I checked each covariance matrix and wrote a function to determine if the Cov was a positive semi definite matrix. Surprisingly each Cov matrix failed this test. I checked this function by trying to compute the  Cholesky decomposition, again each matrix failed.

    TMIN's cov is positive semi def: False
    TOBS's cov is positive semi def: False
    TMAX's cov is positive semi def: False
    SNOW's cov is positive semi def: False
    SNWD's cov is positive semi def: False
    PRCP's cov is positive semi def: False
    
I assume that these are false for perhaps one of the following reasons: 
- (i.) For each Cov at least one, or more, variables can be a linear combination of other variables. 
- (ii.) Perhaps there is some really strong (almost uniform) colinearity between variables, and inexactness of floating point numerical computations there is a propagation of linearity and thus several of the eigenvalues become negative. This might be less likely the case because the negative eigenvalues are very large e.g. -6.5293e+02, whereas a very tiny negative eigenvalue might be contributed to floating point error. 
- (iii.) The amount of missing data is causing the sample Cov to become unstable. This is probably because the way NaNs are being computed is causing errors. Even with using np.nanmean() vs np.mean() there appears to be awkward results. 

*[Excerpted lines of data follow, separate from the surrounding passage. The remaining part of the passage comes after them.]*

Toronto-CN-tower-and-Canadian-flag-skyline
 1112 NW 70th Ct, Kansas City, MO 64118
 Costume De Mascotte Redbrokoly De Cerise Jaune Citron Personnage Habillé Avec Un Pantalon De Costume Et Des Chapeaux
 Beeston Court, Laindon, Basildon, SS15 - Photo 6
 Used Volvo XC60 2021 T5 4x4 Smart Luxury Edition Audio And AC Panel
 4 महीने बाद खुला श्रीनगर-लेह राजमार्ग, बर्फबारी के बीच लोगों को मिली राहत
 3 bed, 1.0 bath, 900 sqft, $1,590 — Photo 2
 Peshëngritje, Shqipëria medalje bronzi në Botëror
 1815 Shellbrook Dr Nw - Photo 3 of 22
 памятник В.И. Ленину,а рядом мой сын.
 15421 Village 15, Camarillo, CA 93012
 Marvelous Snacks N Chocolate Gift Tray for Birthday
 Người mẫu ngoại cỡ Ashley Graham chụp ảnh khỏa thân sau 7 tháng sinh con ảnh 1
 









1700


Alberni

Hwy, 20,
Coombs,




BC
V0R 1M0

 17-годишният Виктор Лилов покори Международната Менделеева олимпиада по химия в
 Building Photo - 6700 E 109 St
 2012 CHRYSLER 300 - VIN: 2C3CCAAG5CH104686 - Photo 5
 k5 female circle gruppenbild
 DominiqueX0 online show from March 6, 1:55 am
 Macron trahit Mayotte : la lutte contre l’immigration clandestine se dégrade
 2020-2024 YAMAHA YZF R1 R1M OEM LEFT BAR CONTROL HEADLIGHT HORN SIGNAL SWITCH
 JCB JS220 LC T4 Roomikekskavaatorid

Perhaps imputing data to remove the NaNs and then performing an ablation study to find highly correlated data and remove them would provide a better sample Cov. I assume that weather data from close proximity stations within the same year are strongly correlated. This type of data adds no new information about the covariance and taking them out during the preprocessing stage might provide a better set of data to work with.

We can also look at the max magnitude of each eigenvalue:

    TMIN 100485.309663
    TOBS 376528.613346
    TMAX 36345.0352096
    SNOW 312.258081267
    SNWD 1416.53530402
    PRCP 85913.3689075

Looking at these values it appears that from the data we have TOBS Temperature is most important for explaining the variance in the weather for this particular region then SNOW/SNWD. Precipitation is also fairly important, perhaps because of the spikes for hurricane season and winter. These attributes make it much more important that the 99% 0.0 value SNOW data!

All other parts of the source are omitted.